Dan (I called you UR so people would know which post I was responding to) —
Basically, I think the Krugmans of the world are looking at things like low capacity utilization, low velocity, etc, and assuming that purchasing power cannot decline. This conclusion rests on the assumption that foreigners will continue to lend us simply vast amounts of money, despite the fact that we are so deeply in debt that there really isn’t a credible and politically feasible way to pay it off in real terms. I just disagree with this conclusion because the math doesn’t add up. Neither the USD nor Treasuries are a viable store of value; I just think it’s a matter of time before the world realizes that.

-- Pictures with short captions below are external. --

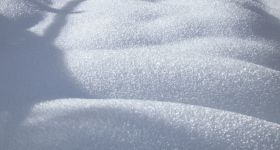 Zimowy tydzień w Warszawie: opady, mgły i spadki temperatur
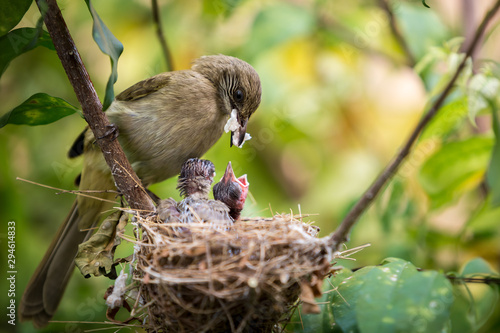 Slika na platnu Mother bird feeding her newborn baby in nest on the tree.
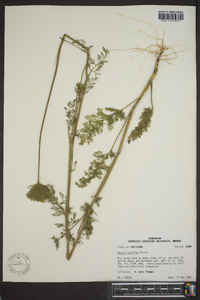 Daucus pusillus image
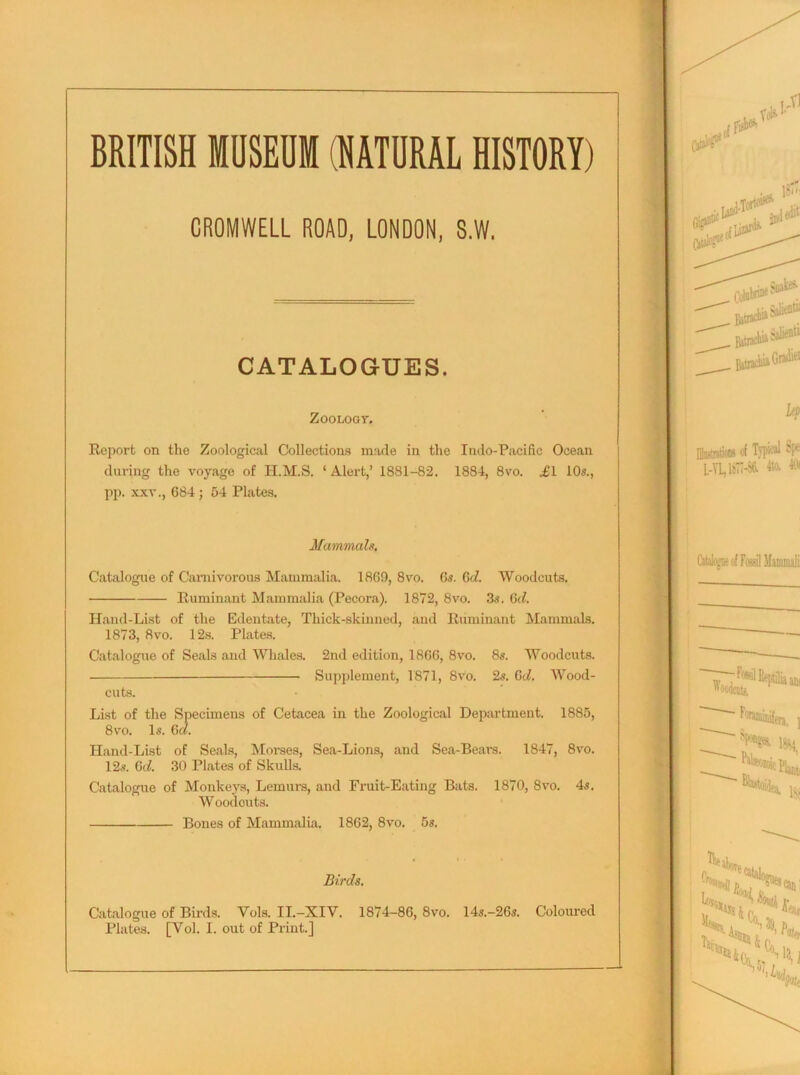 CROMWELL ROAD, LONDON, 8.W. CATALOGUES. Zoology. Report on the Zoological Collections made in the Indo-Pacific Ocean during the voyage of II.M.S. ‘ Alert,’ 1881-82. 1884, 8vo. i,'l 10s., pp. xxv., 684 ; 54 Plates. Mammals, Catalogue of Carnivorous Mammalia. 1869, 8vo. 6s. 6d. Woodcuts. Ruminant Mammalia (Pecora). 1872, 8vo. 3s. 6d. Hand-List of the Edentate, Thick-skinned, and Ruminant Mammals. 1873, 8vo. 12s. Plates. Catalogue of Seals and Whales. 2nd edition, 1866, 8vo. 8s. Woodcuts. Supplement, 1871, 8vo. 2s. Gd. Wood- cuts. List of the Specimens of Cetacea in the Zoological Department. 1885, 8vo. Is. 6d. Hand-List of Seals, Morses, Sea-Lions, and Sea-Bears. 1847, 8vo. 12s. 6d. 30 Plates of Skulls. Catalogue of Monkeys, Lemurs, and Fruit-Eating Bats. 1870, 8vo. 4s. Woodouts. Bones of Mammalia, 1862, 8vo. 5s. Birds, Catalogue of Birds. Yols. II.-XIV. 1874-86, 8vo. 14s.-26s. Coloured Plates. [Vol. I. out of Print.]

I think there is a US funding crisis in the offing (not necessarily imminent, just to be clear about that). The results of a funding crisis would be a weaker dollar (higher import and commodity prices in US$ terms) and higher rates. There is already precedent for the Fed monetizing debt to bring down rates and fill the gap where foreign inflows have not been sufficient to finance our deficit; I think this will increase into any funding crisis, especially if it happens against the backdrop of weak employment. If that were the case, rates might not rise as much, but it would result in an even weaker dollar.
I apologize, I don’t have much time today so I can’t give the response it deserves… hopefully the above at least gives an inkling of where I am coming from.